[EXERCISE] In the records below, find the line that contains "360° Adjustable Magnetic". Retype that line and all the lines after it through the end, leaving out the pictures.

[SOURCE INFORMATION]
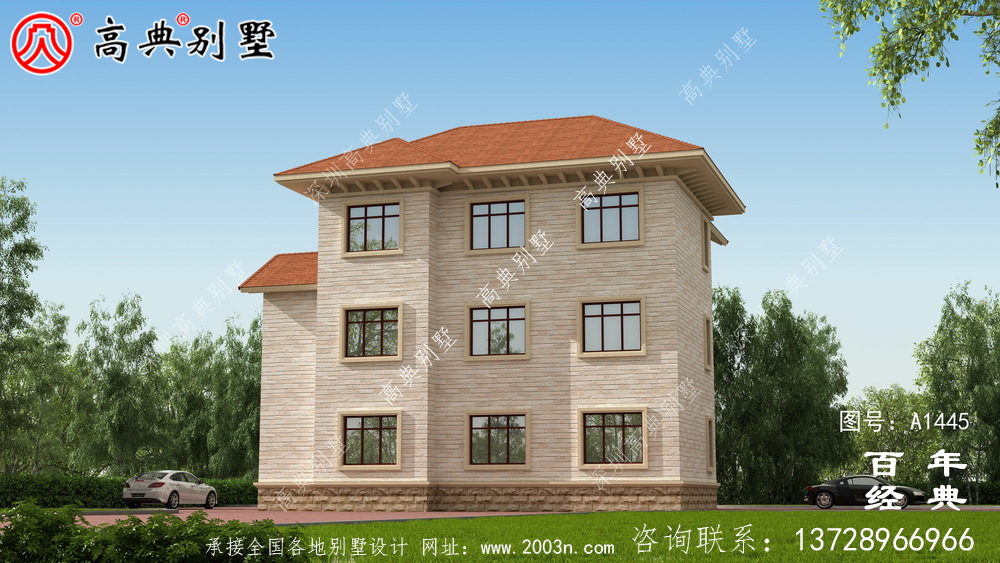 歐式古典三層別墅設(shè)計圖紙及設(shè)計效果圖_鄉(xiāng)村三層別墅設(shè)計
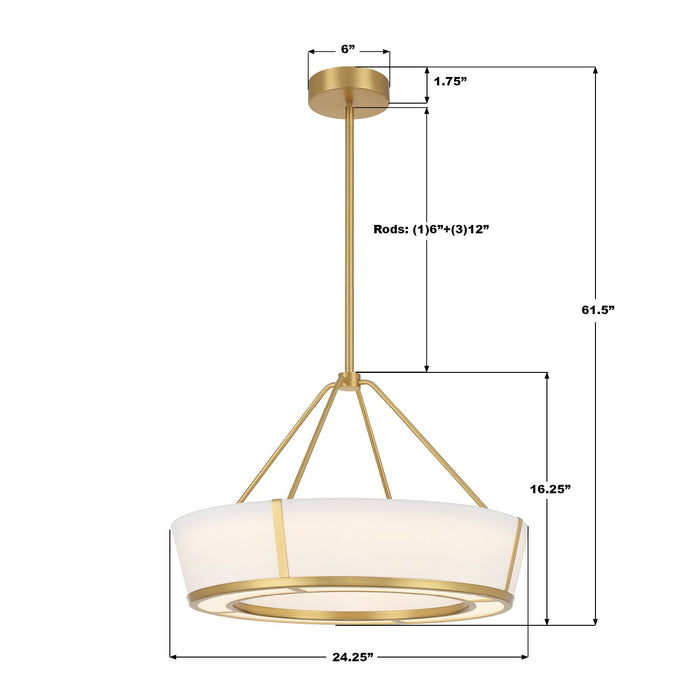 Crystorama - RYC-8106-LG - LED Pendant - Royce - Luxe Gold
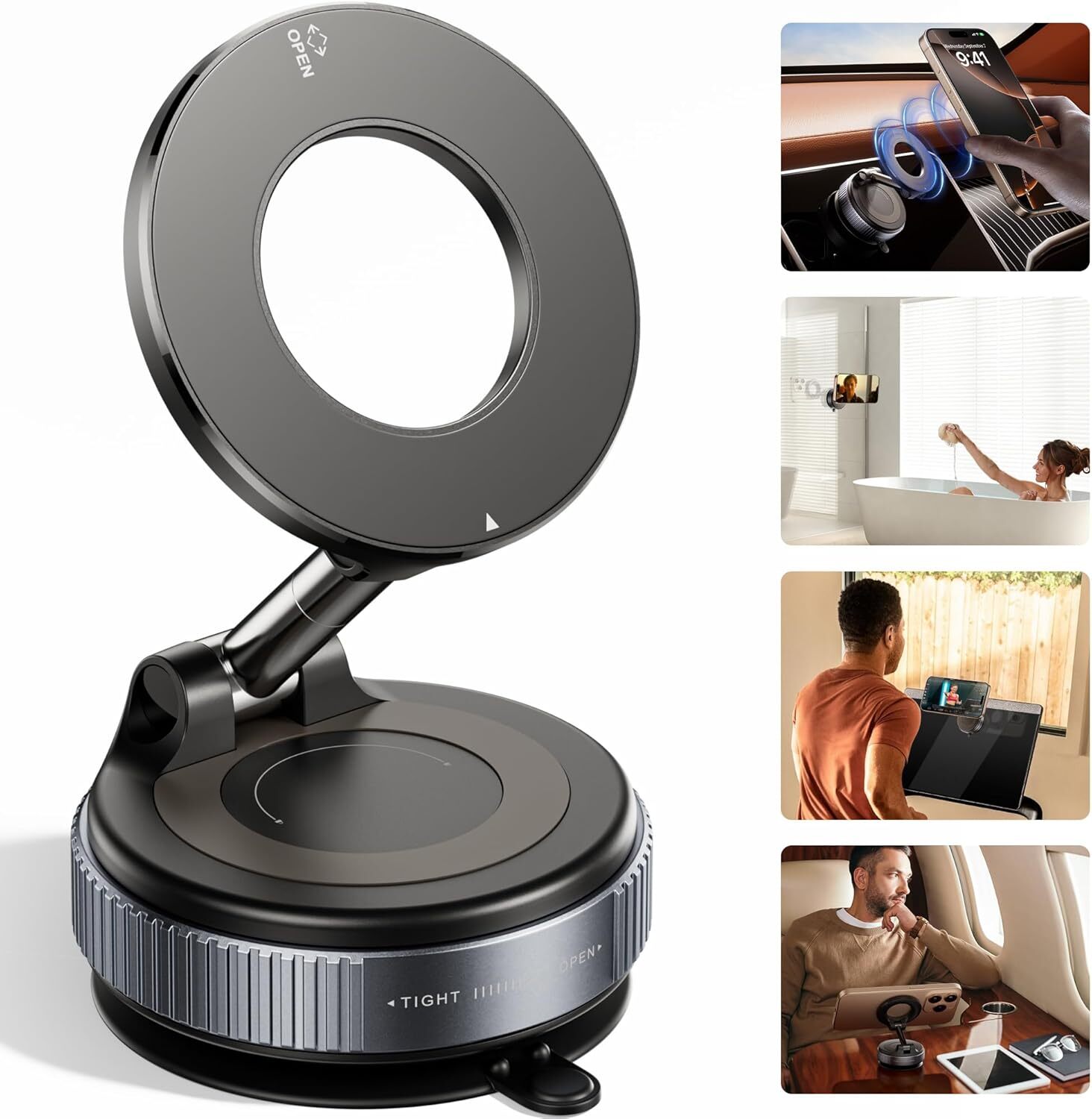 360° Adjustable Magnetic Vacuum Suction Cup Car Phone Holder Mount for MagSafe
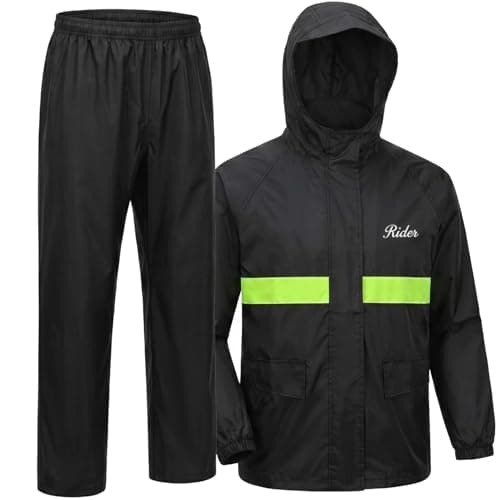 HACER Raincoat with Reflective Strip Hooded and Adjustable Waterproof Poncho Rainwear Reversible Polyester Reusable Rainsuit for Sports Bikers Riding Camping Men & Women (Black, 2XL)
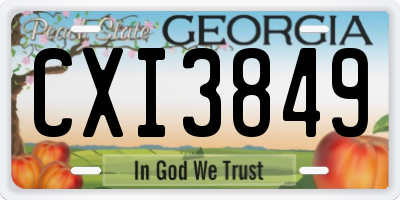 GA license plate CXI3849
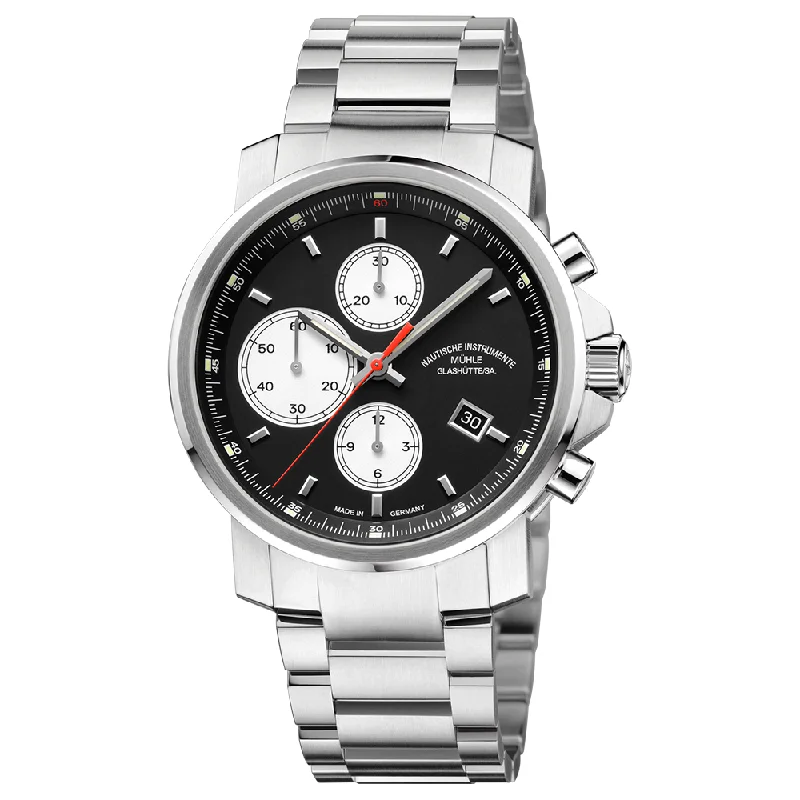 men's digital watches for outdoor activities -29er Chronograph Black Dial Stainless Steel Bracelet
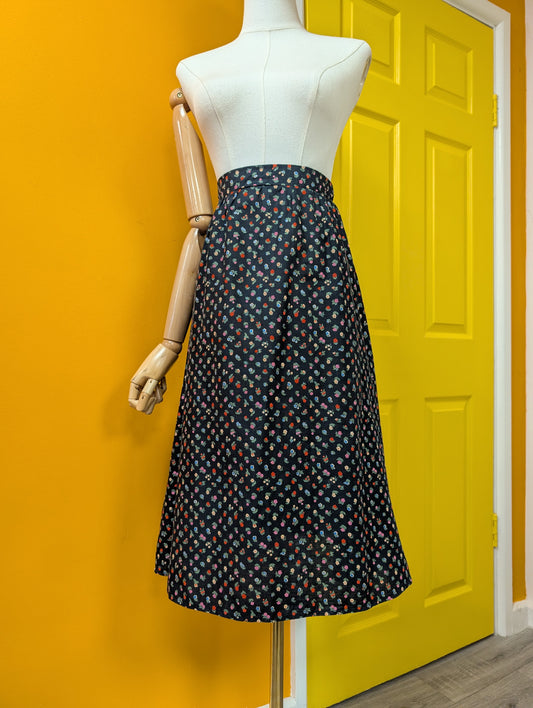 1970s Czarina black floral cotton skirt - S/M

[OUTPUT OF THE EXERCISE]
 360° Adjustable Magnetic Vacuum Suction Cup Car Phone Holder Mount for MagSafe
 HACER Raincoat with Reflective Strip Hooded and Adjustable Waterproof Poncho Rainwear Reversible Polyester Reusable Rainsuit for Sports Bikers Riding Camping Men & Women (Black, 2XL)
 GA license plate CXI3849
 men's digital watches for outdoor activities -29er Chronograph Black Dial Stainless Steel Bracelet
 1970s Czarina black floral cotton skirt - S/M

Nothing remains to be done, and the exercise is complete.